La terza Intifada è cominciata, ma senza armi: i palestinesi hanno scelto la via del boicottaggio commerciale. Sono stati banditi dal mercato 500 marchi e prodotti delle colonie ebraiche. Di israeliano, insomma, hanno deciso che non vogliono più niente o quasi.
Se il boicottaggio è una strada battuta già da un anno, dopo la legge firmata dal leader dell’Autorità nazionale palestinese Abu Mazen contro i prodotti nei supermercati, adesso è arrivata una guida ad hoc per i palestinesi. Si tratta di un vademecum per fare la guerra a Israele senza pietre: il titolo del libretto è “Guida al combattimento contro i prodotti degli insediamenti”. In copertina c’è un dito che punta al lettore e la frase: “La tua coscienza, la tua scelta”.
«Separiamo la politica dall’economia», ha chiesto il suo presidente della Confindustria israeliana, Shraga Brosh, ai colleghi palestinesi. «È impossibile. Noi facciamo una controproposta: separiamoci politicamente e avviamo una grande cooperazione economica», ha detto invece Abdel Hafez Nofal, 56 anni, vice ministro palestinese dell’Economia.

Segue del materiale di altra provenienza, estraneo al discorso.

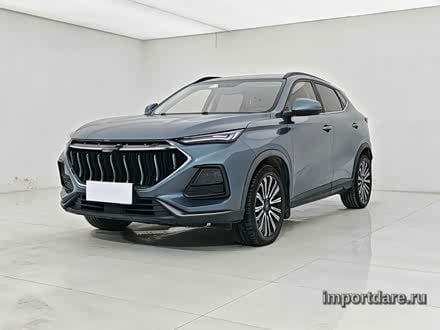 Changan Oshan X5 2021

E’ proprio lui Nofal che vuole abbandonare le armi, quelle dell’Intifada partita nel 2000 dopo il fallimento degli accordi di Camp David. «Sono convinto che quella economica sia un’arma infinitamente più efficace delle altre. Sia chiaro: il nostro non è un boicottaggio a Israele. Il nostro interscambio è di 5 miliardi di dollari l’anno: noi esportiamo per 700 milioni e importiamo per 4 miliardi. La quota delle colonie è di 300 milioni. Economicamente non è essenziale, per noi è una questione di dignità».